There is an Episcopal election coming up – on October 3, the members of synod (representatives from every congregation in the diocese of New Westminster) will, with God’s help, choose a new bishop.

With this in mind, I thought it might be an appropriate time to review what the heck a bishop is anyway. 

The Anglican Church, along with several other churches, recognizes 3 types of ordained ministry (this does not include the laity – the ministry of the baptized – in which we all share): deacons, priests and bishops. 

Bishops are a very ancient role in the church, older perhaps even than priests. And in many traditions, including the Anglican Church, they are seen as having a special Apostolic connection and ministry – the successors of the role of the Apostles in the early Church. 

Bishops hold a special ministry of oversight and unity in the Church, represented sacramentally by being the ones who perform ordinations, confirmations and the blessing of oils for baptism and healing. They lead (usually) regional groups of churches called dioceses. Many other Christian traditions have individuals or groups performing a similar ministry of unity and oversight, however, the role of bishop in Anglicanism has some unique features.

The Anglican Church is episcopally organized, which means that rather than an individual congregation, the basic unit of the Anglican Church is a bishop and diocese. The bishop is sometimes called the chief pastor, and so, I, as a priest joyfully serving with you in this place, am here representing the bishop. Whoever the bishop is, is ultimately the person I am accountable to – my “boss.” As you can probably imagine, bishops in the Anglican Church have more authority than in some other denominations.

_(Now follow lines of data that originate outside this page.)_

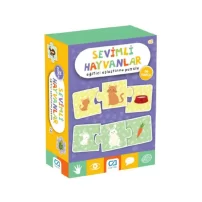 Games Sevimli Hayvanlar Eğitici Eşleştirme Puzzle 36 Parça 5128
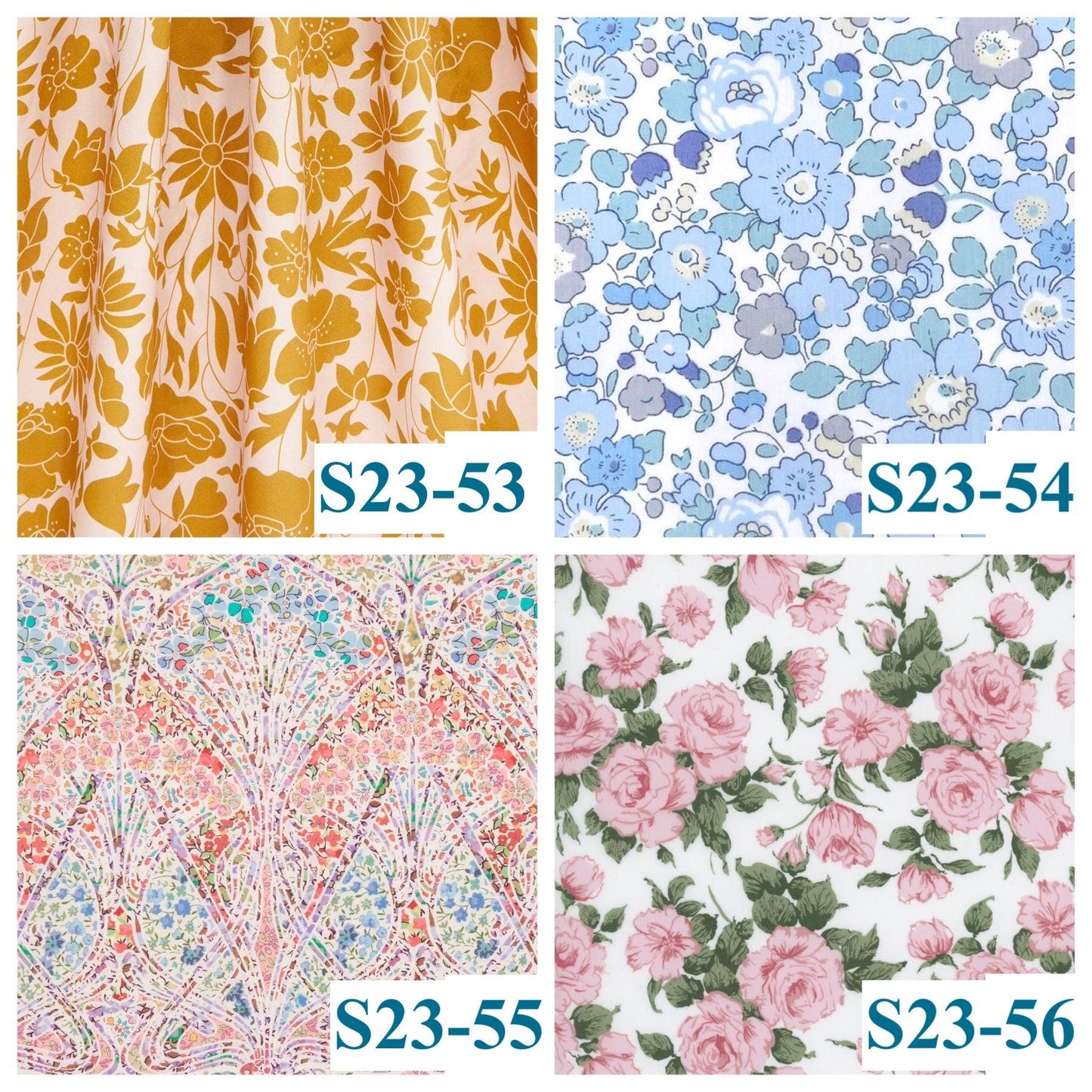 Liberty London Baby Set: Floral Bib & Bloomer, Newborn to 2 Years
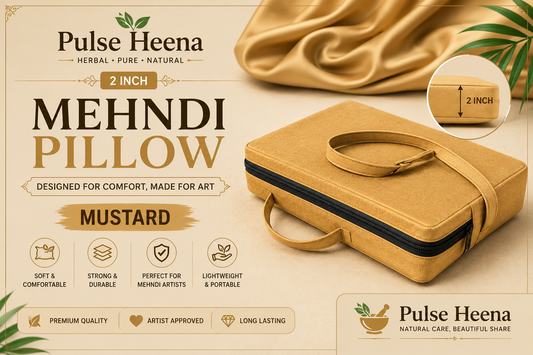 MEHANDI PILLOW MUSTARD COLOUR 2 INCH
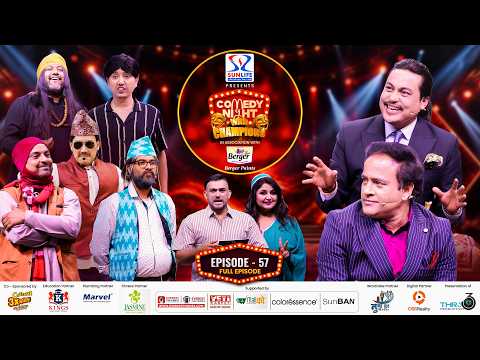 COMEDY NIGHT WITH CHAMPIONS Chapter 2 || Episode 57 || Jitu Nepal, Sandip Chhetri thumbnail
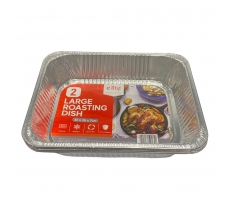 Disposable Elite Large Roasting Dish 2's Half Box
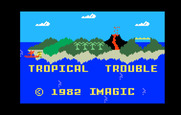 Tropical Trouble for Intellivision - Title screen.
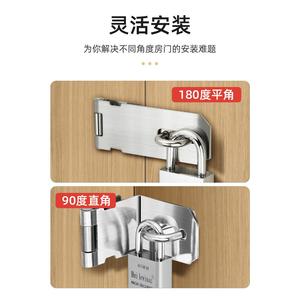 Stainless Steel Door Latch 40mm High Security <b>Padlock</b> For Cabinet Wooden Door - Product Image 4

The role and ministry of bishops is one of the things that connects us to the universal church, that stretches around the world and through the ages. Having a bishop reminds us that it is not just St. John’s by ourselves – we don’t have to do it alone.  

Are there downsides to having bishops; to being episcopally organized? Absolutely. Are there also upsides? Of course. 

In the coming weeks, please pray for the candidates who have allowed their names to be put forward for this election. Pray also for all the members of synod, that they may be open to the Spirit’s leading. There’s a new bishop brewing, and I’m excited!  

Thanks be to God!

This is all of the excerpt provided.